# Aim of the task:
Below are the records; extract from them the line containing "Bewakoof - Official" to the line containing "Minimal Hello |", both lines included, exactly and with no pictures.

Records excerpted from a collection:
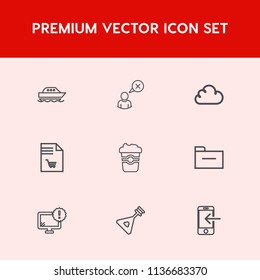 Modern, simple vector icon set on red background with music, mug, folder, web, online, boat, vessel, mobile, notebook, water, storage, coffee, list, shopping, travel, folk, man, speed, yacht icons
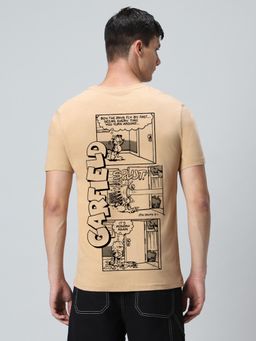 Bewakoof - Official Garfield Men's Brown It's Monday Again Graphic Printed T-shirt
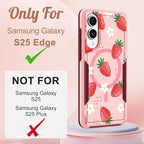 for Samsung Galaxy S25 Edge Case - Compatible with MagSafe Women Girls Cute Magnetic Protective Phone Cover Girly Kawaii Strawberry Heavy Duty Shockproof Design for Samsung S25 Edge Case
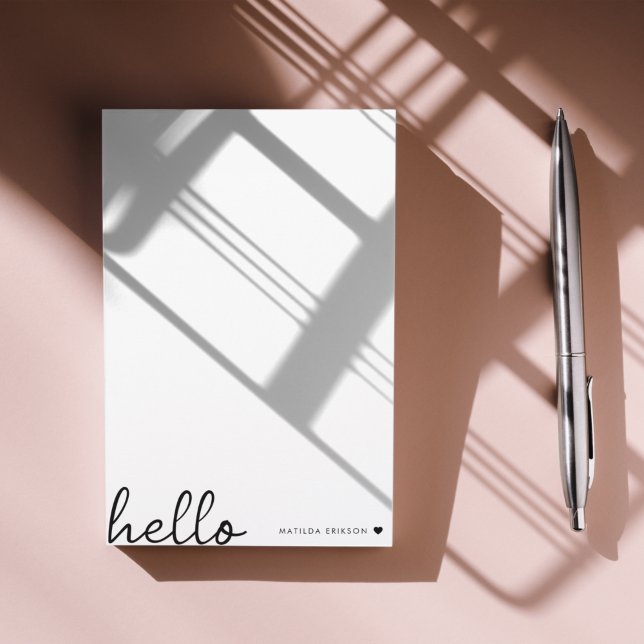 Minimal Hello | Modern Heart Clean Simple White Post-it Notes (Creator Uploaded)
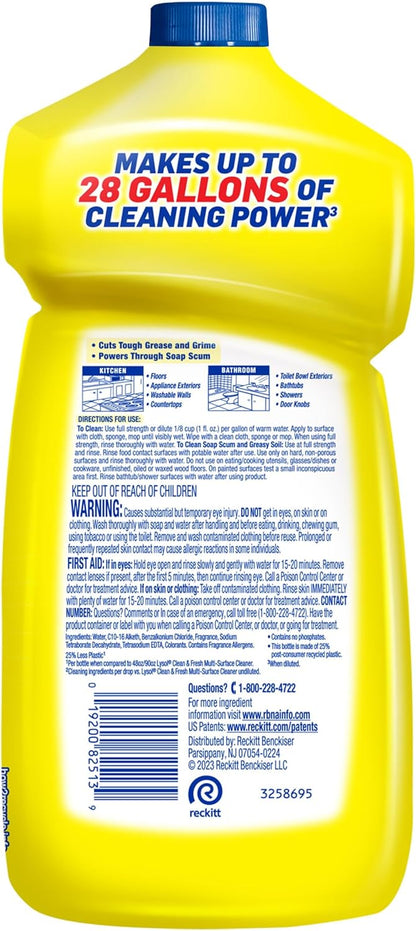 Lysol Power Clean Multi-Surface Cleaner, 2x Concentrated Pour, Sparkling Lemon & Sunflower Essence scent, 28 Fl Oz (Packaging May Vary)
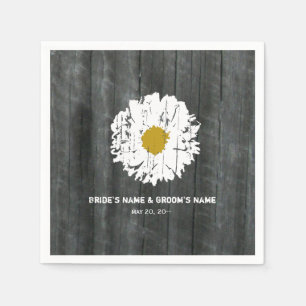 Barnwood Daisy Wedding Napkins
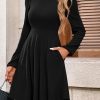 Womens Long Sleeve Mini Dress 2025 Fall Trendy Crewneck Ribbed Knit Soft A Line Flowy Summer Formal Dresses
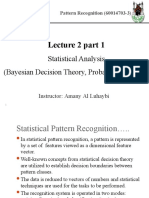 Lecture 2 Part 1: Statistical Analysis (Bayesian Decision Theory, Probability Theory)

# Answer area:
 Bewakoof - Official Garfield Men's Brown It's Monday Again Graphic Printed T-shirt
 for Samsung Galaxy S25 Edge Case - Compatible with MagSafe Women Girls Cute Magnetic Protective Phone Cover Girly Kawaii Strawberry Heavy Duty Shockproof Design for Samsung S25 Edge Case
 Minimal Hello | Modern Heart Clean Simple White Post-it Notes (Creator Uploaded)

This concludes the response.